═══ EXERCISE INPUTS

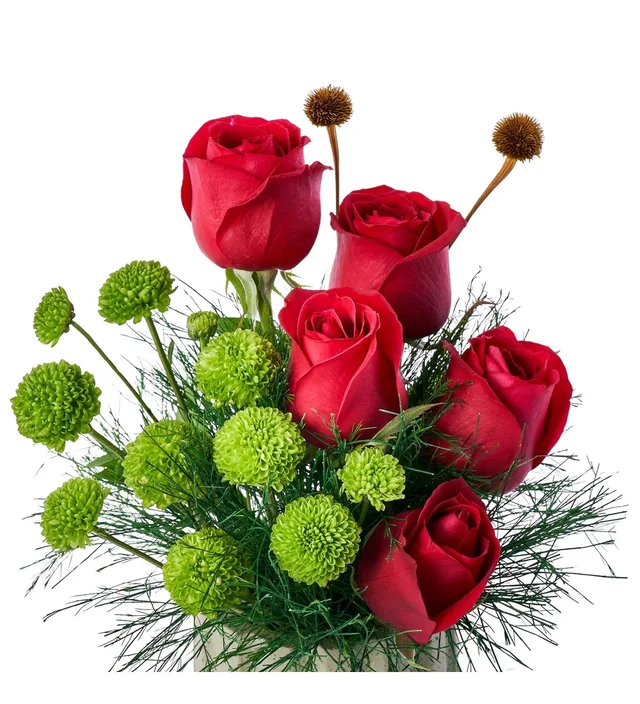 Red Dream Box - 2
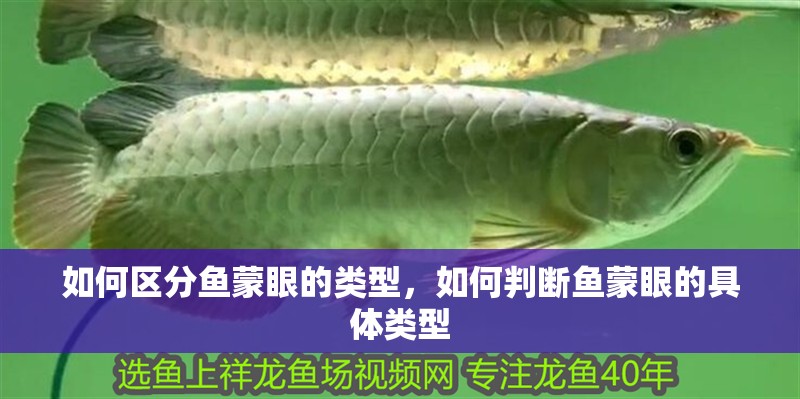 如何區(qū)分魚蒙眼的類型，如何判斷魚蒙眼的具體類型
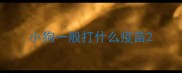 小狗一般打什么疫苗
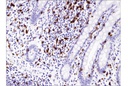 CD8α (C8/144B) Mouse mAb (IHC Specific)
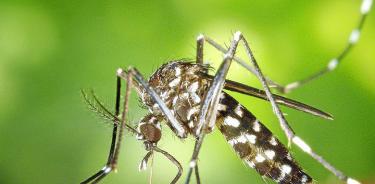 Hasta mil millones de personas podrían padecer dengue por cambio climático
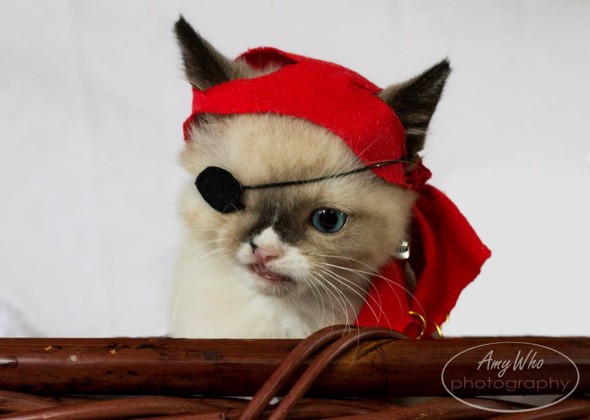 勇敢地活下去！單眼海盜小貓網上瘋傳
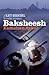 Baksheesh by Esmahan Aykol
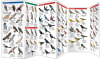 Alberta Birds Folding Pocket Guide.  Alberta is the permanent or migratory home of over 400 species of birds, including the provincial bird the great horned owl. This beautifully illustrated guide highlights over 140 familiar and unique species - Image 3 of 0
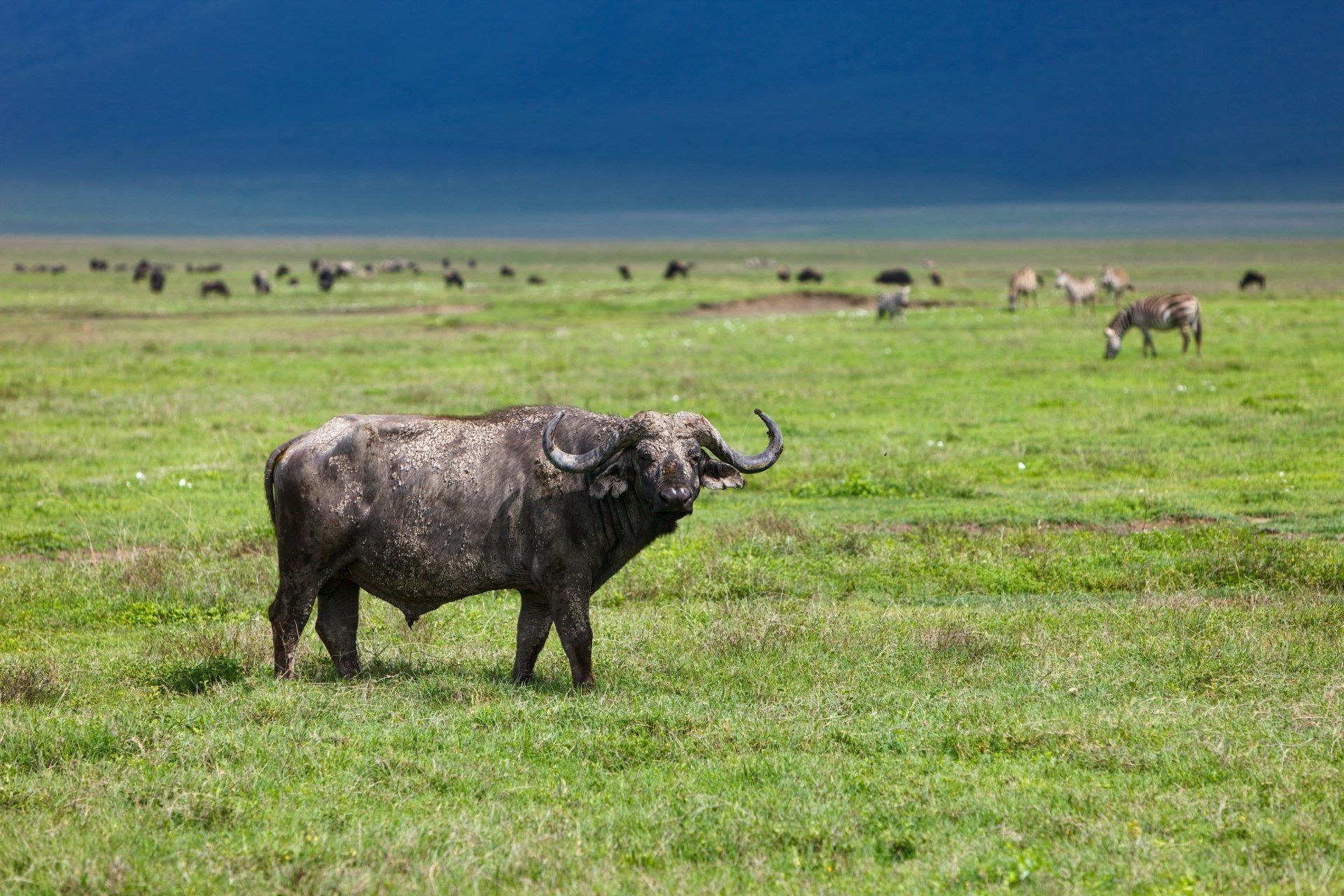 Een Afrikaanse buffel staat in een groen veld, andere dieren grazen in de verte. Blauwe lucht erboven.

══════

◆ **PROBLEM DETAILS**:
With pictures excluded, output the listing above exactly as it stands.

◆ **SOLUTION TO THE EXERCISE**:
 Red Dream Box - 2
 如何區(qū)分魚蒙眼的類型，如何判斷魚蒙眼的具體類型
 小狗一般打什么疫苗
 CD8α (C8/144B) Mouse mAb (IHC Specific)
 Hasta mil millones de personas podrían padecer dengue por cambio climático
 勇敢地活下去！單眼海盜小貓網上瘋傳
 Baksheesh by Esmahan Aykol
 Alberta Birds Folding Pocket Guide.  Alberta is the permanent or migratory home of over 400 species of birds, including the provincial bird the great horned owl. This beautifully illustrated guide highlights over 140 familiar and unique species - Image 3 of 0
 Een Afrikaanse buffel staat in een groen veld, andere dieren grazen in de verte. Blauwe lucht erboven.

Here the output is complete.